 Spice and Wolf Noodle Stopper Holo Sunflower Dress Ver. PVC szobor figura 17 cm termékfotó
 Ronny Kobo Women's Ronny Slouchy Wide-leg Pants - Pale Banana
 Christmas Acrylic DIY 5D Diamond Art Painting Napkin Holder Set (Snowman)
○ ○ ○ ○ ○ ○ ○
● Task details: Every line of the material above should be set down again exactly.

● Exercise solution:
 Spice and Wolf Noodle Stopper Holo Sunflower Dress Ver. PVC szobor figura 17 cm termékfotó
 Ronny Kobo Women's Ronny Slouchy Wide-leg Pants - Pale Banana
 Christmas Acrylic DIY 5D Diamond Art Painting Napkin Holder Set (Snowman)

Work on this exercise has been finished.